Items from a dataset
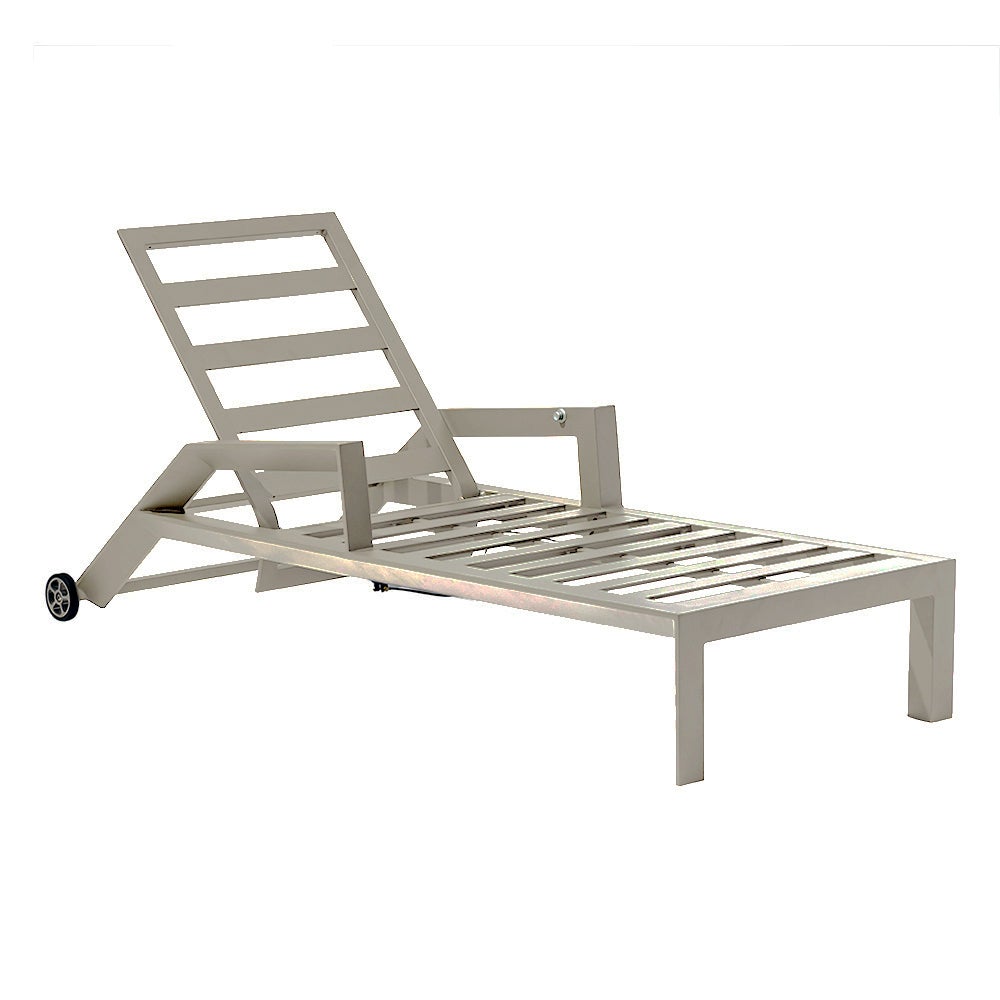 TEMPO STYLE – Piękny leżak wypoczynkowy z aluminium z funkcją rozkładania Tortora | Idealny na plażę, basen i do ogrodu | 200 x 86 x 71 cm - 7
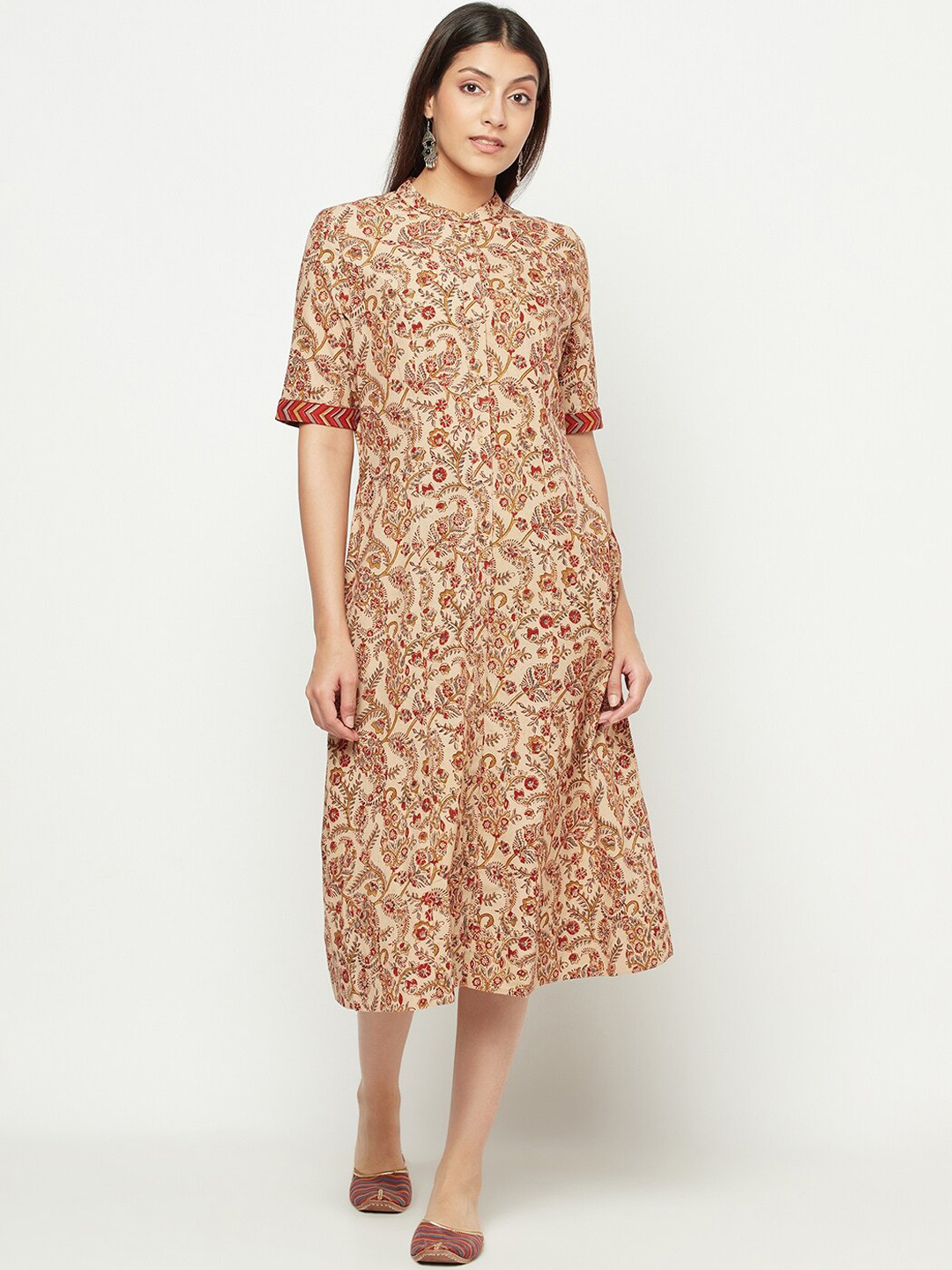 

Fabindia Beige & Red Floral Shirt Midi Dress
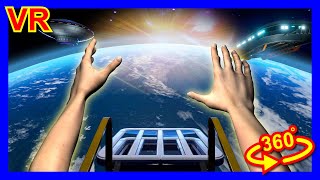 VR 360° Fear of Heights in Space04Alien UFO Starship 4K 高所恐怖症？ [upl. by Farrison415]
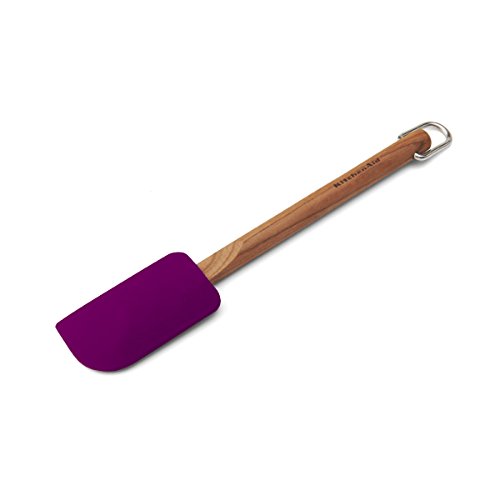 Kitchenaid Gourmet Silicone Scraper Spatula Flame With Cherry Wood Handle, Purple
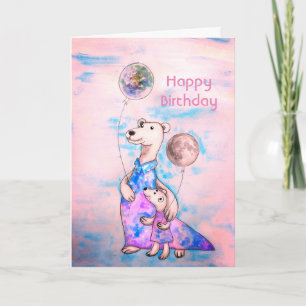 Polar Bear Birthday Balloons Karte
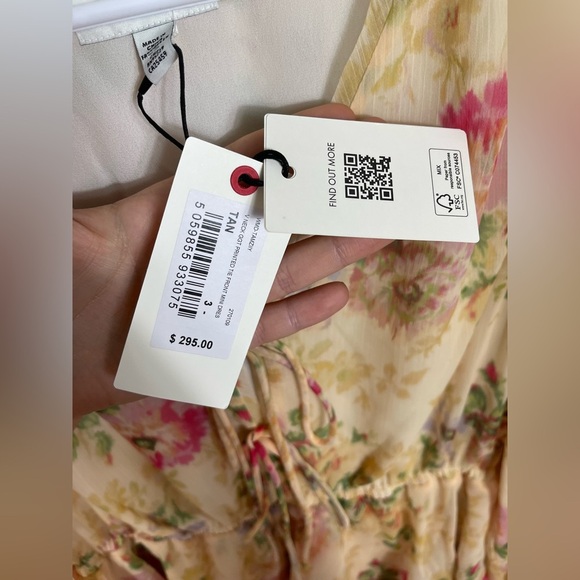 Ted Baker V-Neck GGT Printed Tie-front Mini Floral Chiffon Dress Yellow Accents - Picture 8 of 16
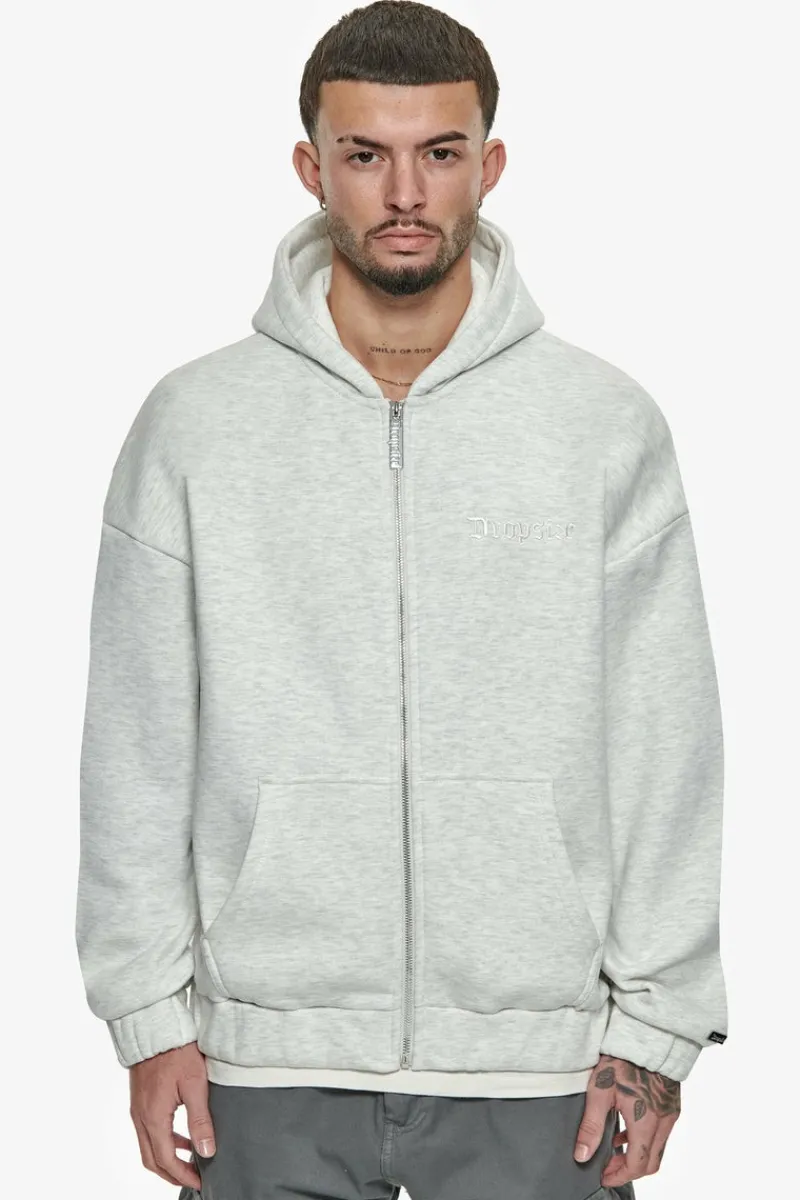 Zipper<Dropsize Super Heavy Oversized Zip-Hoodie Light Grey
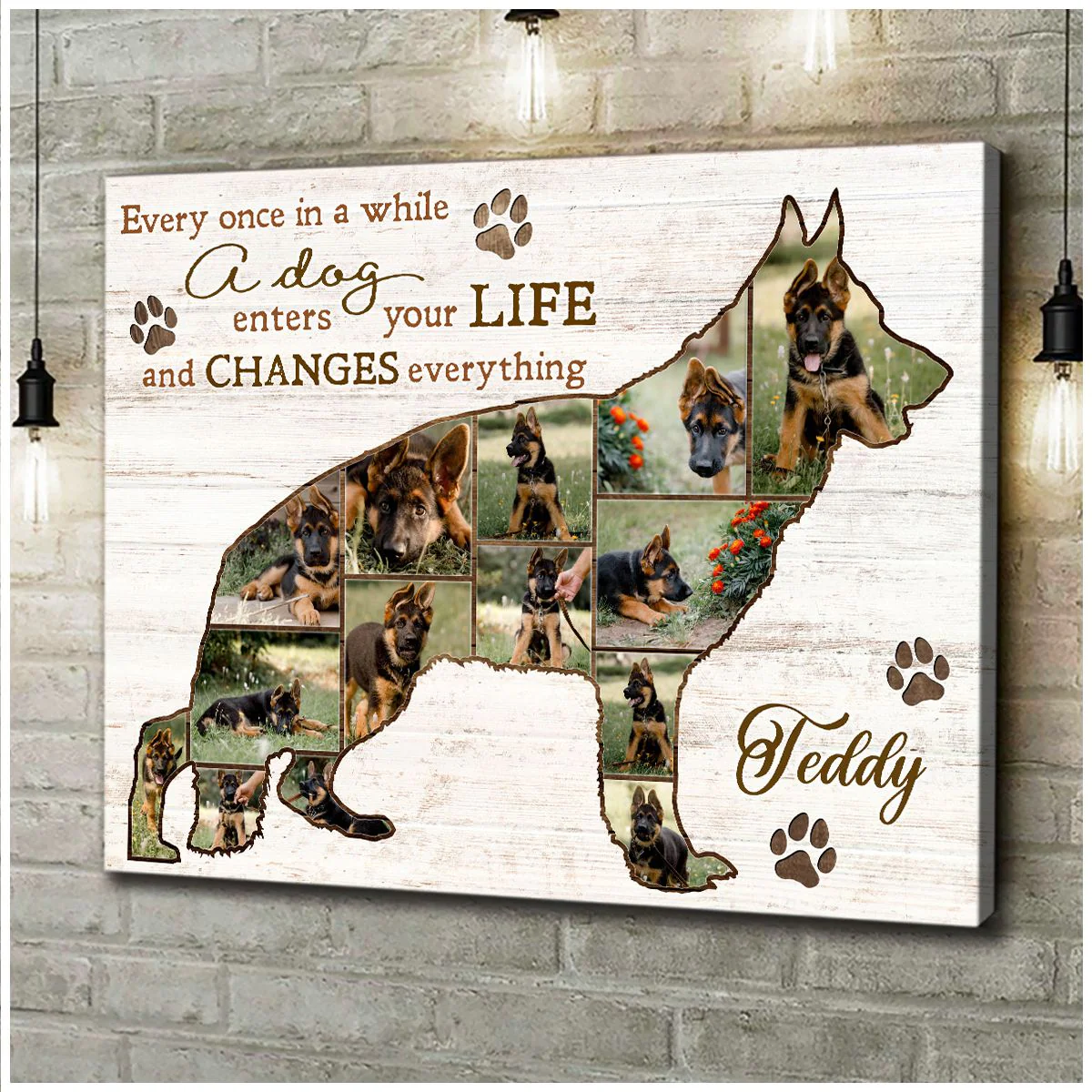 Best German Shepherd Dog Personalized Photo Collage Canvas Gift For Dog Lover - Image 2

### PROBLEM TO WORK ON
Starting at the line with "Kitchenaid Gourmet Silicone", write out every line exactly through the final line of the records above, both included, and skip the pictures.

### TASK OUTPUT
 Kitchenaid Gourmet Silicone Scraper Spatula Flame With Cherry Wood Handle, Purple
 Polar Bear Birthday Balloons Karte
 Ted Baker V-Neck GGT Printed Tie-front Mini Floral Chiffon Dress Yellow Accents - Picture 8 of 16
 Zipper<Dropsize Super Heavy Oversized Zip-Hoodie Light Grey
 Best German Shepherd Dog Personalized Photo Collage Canvas Gift For Dog Lover - Image 2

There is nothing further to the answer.